The PET-CT scan was a whole body scan. It found that the lesion on my liver did have live activity going on, but was shrunken when compared with the CT scan of 10 weeks earlier. No mention in the report of the other things found on the earlier CT scan - the growth on my adrenal gland that they thought benign, or the goitre. However the report did say there was was no other evidence of cancerous deposits. The liver MRI was consistent. So the current theory is that Boris the breast tumour spawned Liz the liver tumour via cells in my bloodstream prior to my WLE in March. The consultant was seriously considering whether they should change practice to take a baseline CT scan of small TNBC breast tumours before beginning treatment. My situation was discovered accidentally when I needed to be scanned for something else.
As it’s an isolated lesion, and I am healthy and don’t have any signs of compromise to the liver, and the chemo seems to have reduced it, the plan is to kill off the rest of it. The plan is to take a biopsy to be sure it is a metastasis of the original tumour, and then use ablation. This was described as sticking a probe into it and microwaving it. It is apparently less invasive than surgery, so will have less recovery time. It does involve general anaesthetic and possibly an overnight hospital stay.
They also decided to follow up on the adrenal growth. First steps in that are to complete a 24 hour urine collection. That sounds fun.
Following the ablation, and assuming the adrenal issue isn’t cancer, the plan is then surveillance. 3 monthly scans to look for new lesions. If one is spotted I will then probably go back onto systemic treatment.

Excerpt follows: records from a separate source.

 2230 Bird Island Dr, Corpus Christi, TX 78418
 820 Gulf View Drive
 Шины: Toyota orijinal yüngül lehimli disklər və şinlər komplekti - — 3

The molecular analysis found my original tumour tested positive for PD-L1 (programmed death ligand 1). A simple explanation is that many TNBC cancers have this, and it’s an explanation of why the body lets the cells merrily and explosively sub-divide. In effect, it acts as an invisibility cloak so the immune system doesn’t see them and therefore doesn’t destroy them. The immunotherapy agent Pembrolizumab (sold as Keytruda) has been designed to turn off their ability to hide. Unfortunately as with any immunotherapy, it can also make your immune system destroy healthy cells. So, further down the line, I have the option of going on Keytruda. It’s normally initially given alongside chemo, so it would be a few cycles of chemo plus immunotherapy, followed by immunotherapy alone, until it’s either no longer working or I can’t tolerate it.
I am realistic that it is likely to come back at some point, and given the aggressive nature of TNBC, this could be sooner rather than later. The best course of action seems to be to take and enjoy each 3 month chemo free block I get and try to not worry about the future. I know I have at least 3 months to enjoy.
Meanwhile I have another dose of Zometa on Saturday and my 5 days of radiotherapy starts on 21 November.